Exercise objective
Return all the lines below exactly. Any picture among them is omitted.

Data shown
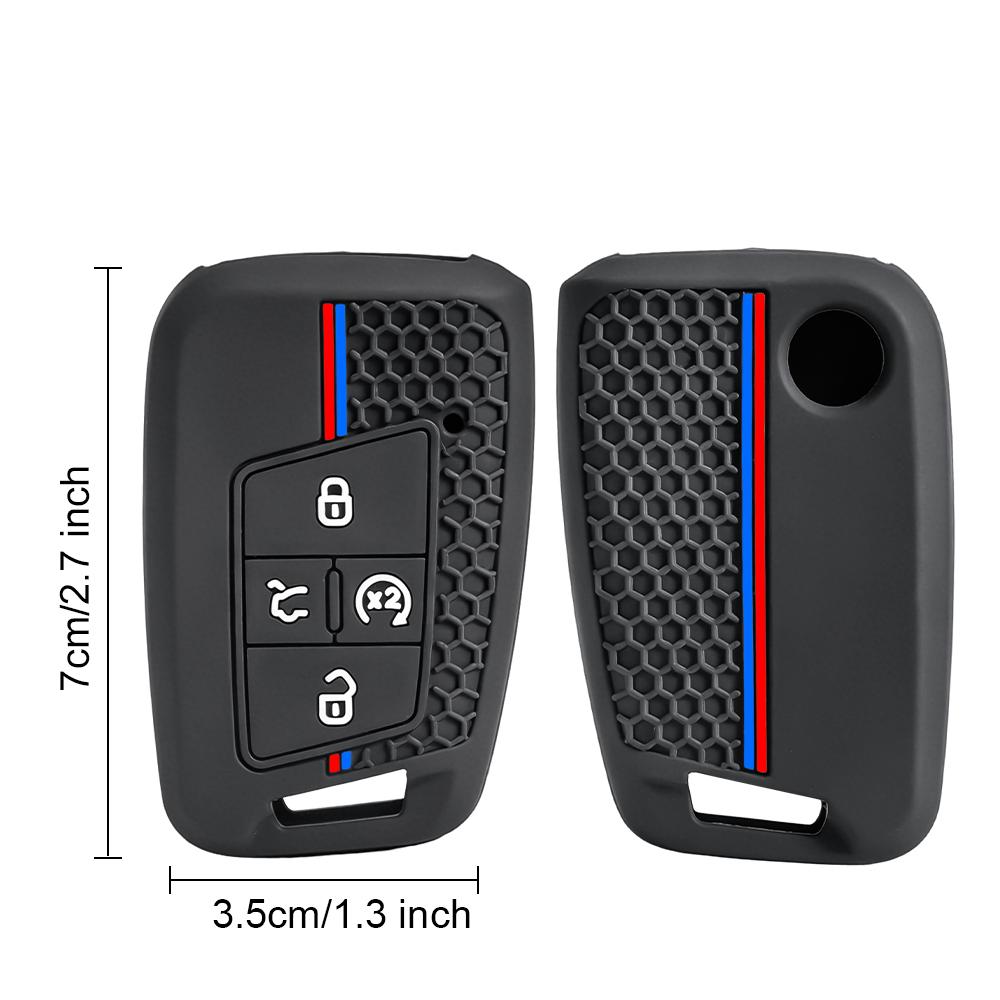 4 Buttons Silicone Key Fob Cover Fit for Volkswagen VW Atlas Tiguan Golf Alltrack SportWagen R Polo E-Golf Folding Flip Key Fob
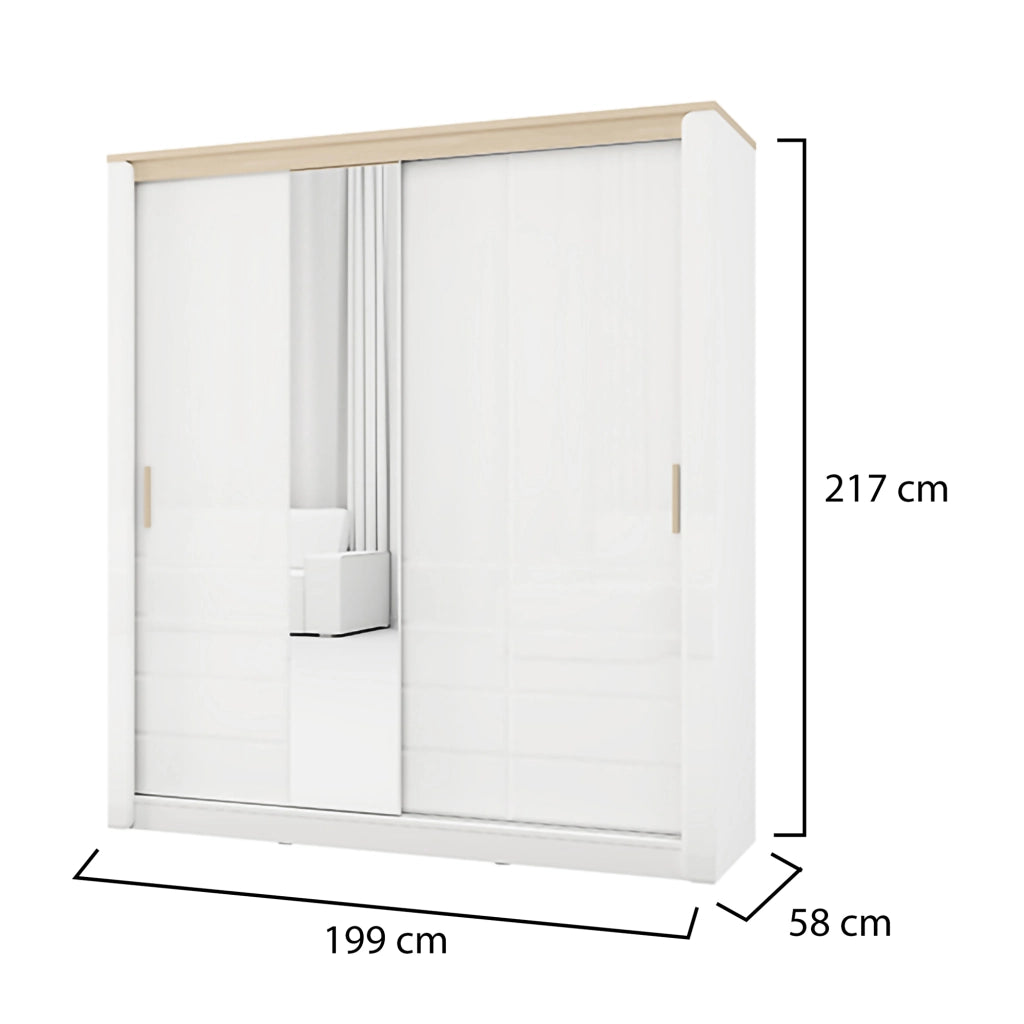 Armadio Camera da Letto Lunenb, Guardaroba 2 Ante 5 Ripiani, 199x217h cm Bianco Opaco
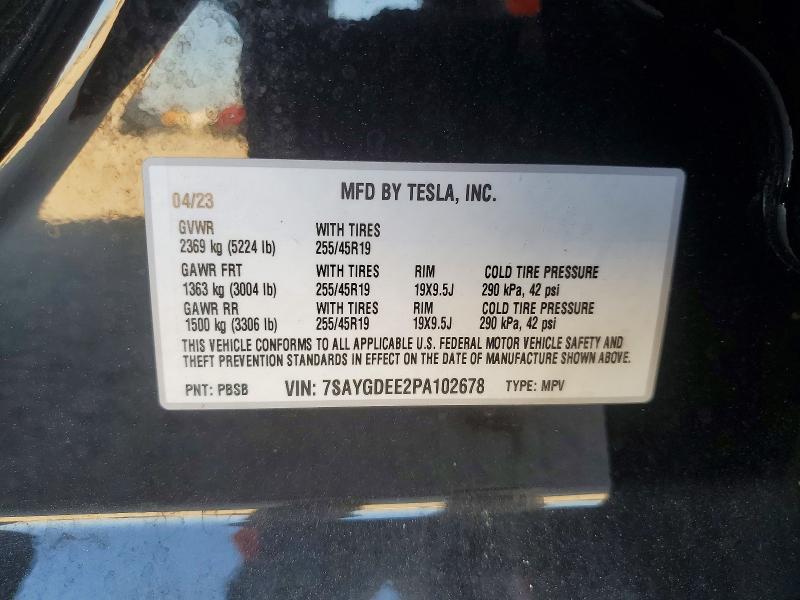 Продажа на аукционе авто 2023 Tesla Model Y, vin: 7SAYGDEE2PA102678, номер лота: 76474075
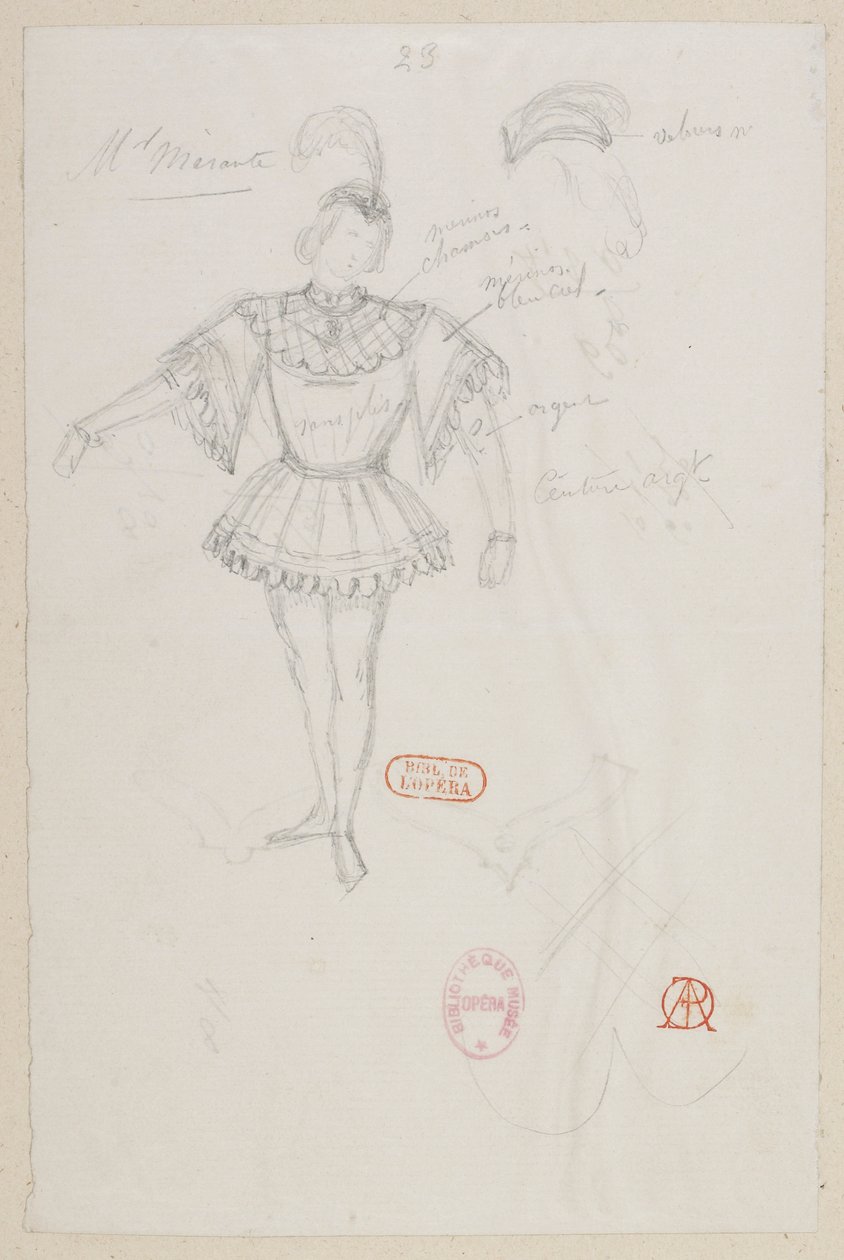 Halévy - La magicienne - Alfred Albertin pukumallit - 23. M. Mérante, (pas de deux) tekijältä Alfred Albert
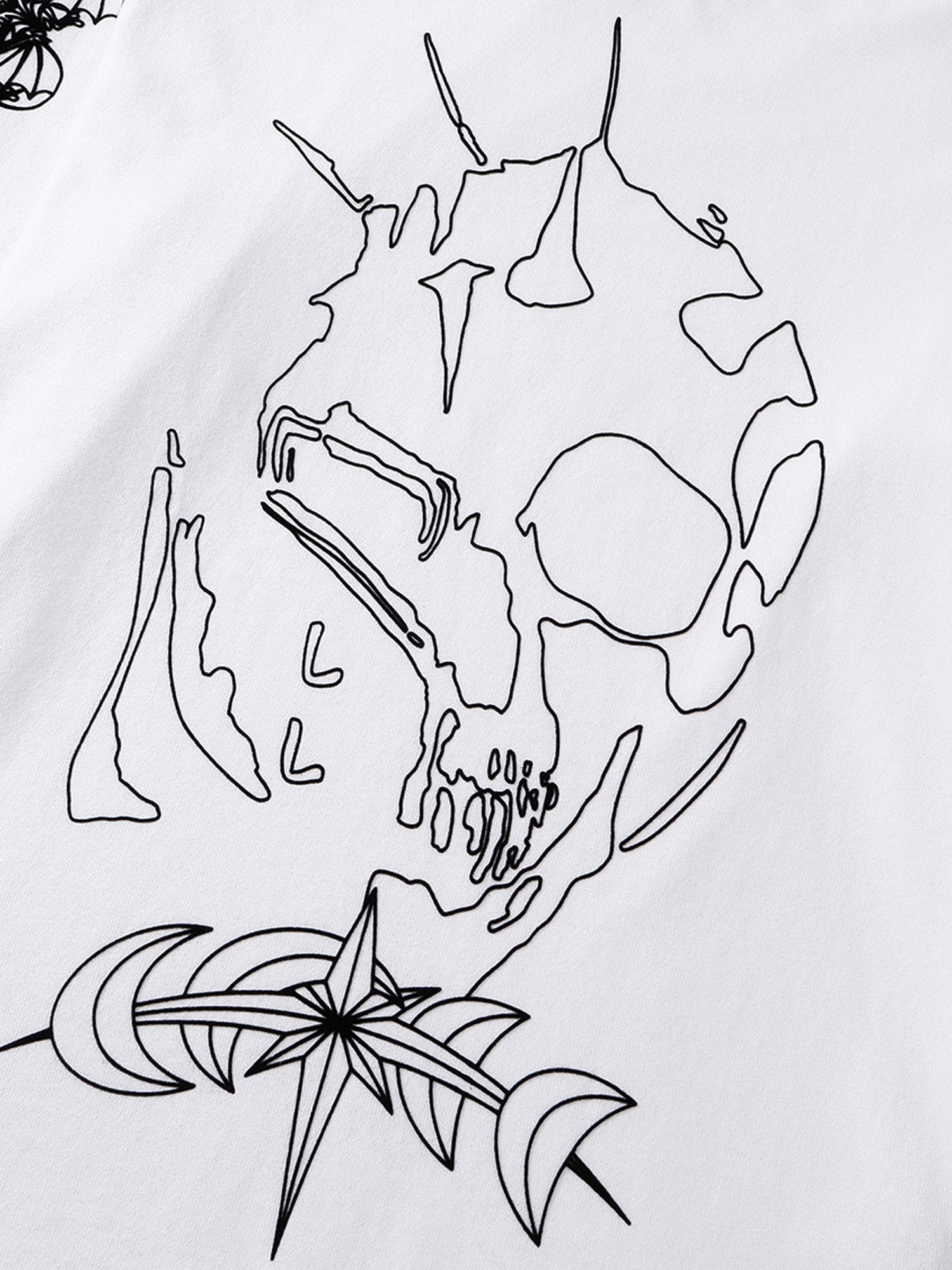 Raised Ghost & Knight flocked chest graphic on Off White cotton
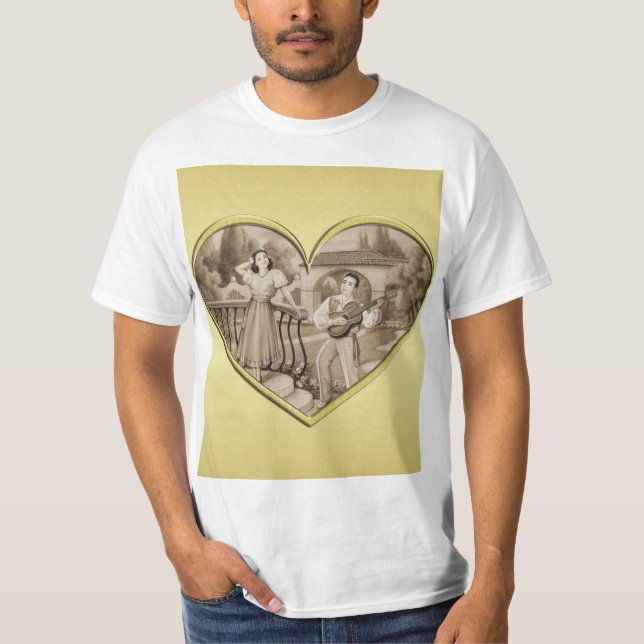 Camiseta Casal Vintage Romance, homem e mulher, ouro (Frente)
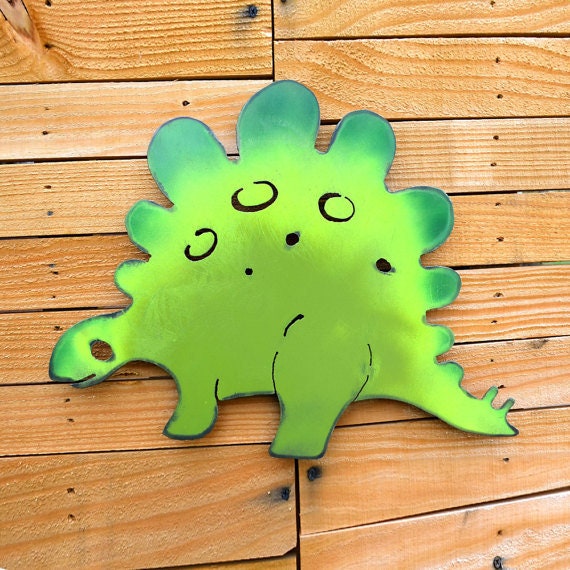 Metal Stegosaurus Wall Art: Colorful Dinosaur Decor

Result of the exercise
 4 Buttons Silicone Key Fob Cover Fit for Volkswagen VW Atlas Tiguan Golf Alltrack SportWagen R Polo E-Golf Folding Flip Key Fob
 Armadio Camera da Letto Lunenb, Guardaroba 2 Ante 5 Ripiani, 199x217h cm Bianco Opaco
 Продажа на аукционе авто 2023 Tesla Model Y, vin: 7SAYGDEE2PA102678, номер лота: 76474075
 Halévy - La magicienne - Alfred Albertin pukumallit - 23. M. Mérante, (pas de deux) tekijältä Alfred Albert
 Raised Ghost & Knight flocked chest graphic on Off White cotton
 Camiseta Casal Vintage Romance, homem e mulher, ouro (Frente)
 Metal Stegosaurus Wall Art: Colorful Dinosaur Decor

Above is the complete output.